26 Medaillen hat Thomas Lurz schon von Olympischen Spielen, Welt- und Europameisterschaften nach Hause gebracht. In der Toskana sollen weitere Titel des zehnmaligen Weltmeisters folgen. „Gewinnen macht immer Spaß und in dem Moment, wo man gewinnt, vergisst man auch die restlichen 3000 Kilometer oder mehr, die man in einem Jahr schwimmt“, sagte der Muster-Athlet der Nachrichtenagentur dpa zu einem Anreiz für die Strapazen. Und die führten ihn schon durch alle mögliche Gewässer auf der Welt: Seen, Flüsse oder das Meer.

„Da ist mir schon alles Mögliche begegnet. Schildkröten, Haie, Holzpaletten, sämtliche Fischarten. Vom wirklich Schönen bis zum Teil sehr unangenehmen“, schilderte der frühere Beckenschwimmer, der die Herausforderung in der Natur liebt. „Ein Schwimmbad ist überall auf der Welt im Prinzip das selbe. Die Luft ist überall muffig und schlecht, die Fliesen immer gleich. Langstreckenschwimmen ist anders. Selbst der selbe Ort kann bei unterschiedlicher Witterung ganz anders sein.“ Dazu kommen anders als im Becken die direkten Körperkontakte der Wettkämpfe: Rangeleien gehören zum Tagesgeschäft.

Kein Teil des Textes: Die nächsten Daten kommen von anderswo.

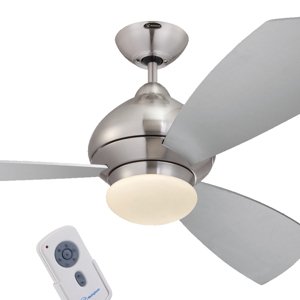 Stropní ventilátor s LED světlem, DC motorem a ovládáním Westinghouse FANTASTIC 78008, Ø 132 cm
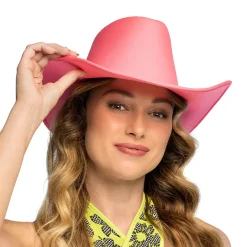 Cowboyhatt, neon rosa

Einem Gegner dabei Absicht zu unterstellen, kommt Lurz nicht in den Sinn. Den fairen Sportsmann verkörpert er immer wieder. Wie auch in London vor fünf Wochen. Kein klagendes Wort verlor er nach dem verpassten Gold über die frühere Dopingsperre von Sieger Oussama Mellouli, lobte den Tunesier stattdessen neben den US-Superstars Michael Phelps und Ryan Lochte als vielseitigsten Schwimmer der Welt. „Thomas Lurz ist ein Vorzeigeathlet, beispielgebend für andere“, pries Christa Thiel, Präsidentin des Deutschen Schwimm-Verbandes (DSV), den 2009 zum Freiwasser-Schwimmer des Jahrzehnts gekürten Lurz: „Einer, der extrem hart trainiert.“ Härter, da ist sich Bruder Stefan sicher, trainiert jedenfalls kein anderer.

Nach dem Tod von Vater Peter, über viele Jahre Langstreckenwart im DSV, übernahm Stefan Lurz die Betreuung des jüngeren Bruders und anderer Freiwasser-Asse in der fränkischen Schwimmer-Hochburg. „Unser Vater hat mir selber sehr viel gegeben und ich habe sehr viel gelernt“, erinnerte der Bundestrainer. Bei Thomas Lurz ziert gar ein Tattoo mit dem Geburtsdatum des Vaters den linken Arm. „Deswegen habe ich links nie Schulterschmerzen und rechts schon“, sagte der Sportler mit einem Augenzwinkern, aber voller Respekt vor dem Vater, „dem ich sehr viel zu verdanken habe.“

Wie lange die Erfolgskarriere von McDonalds-Fan Thomas Lurz („Man muss das in Maßen genießen, wie ein Bier, eine Bratwurst oder eine Schweinshaxe“) noch weitergeht, steht nicht fest. Die WM in einem Jahr in Barcelona will er auf jeden Fall noch schwimmen, die Heim-EM 2014 in Berlin wäre ein schöner Karriere-Abschluss. Wobei, dann wären es auch nur zwei Jahre bis zu Olympia in Rio - und olympisches Gold fehlt dem Diplom-Sozialpädagogen, Sportsoldaten und Buch-Autor ja noch in der Vita. „Aber ob es noch einmal ein ganzer Olympia-Zyklus wird, wage ich zu bezweifeln“, sagte der ältere Bruder Stefan.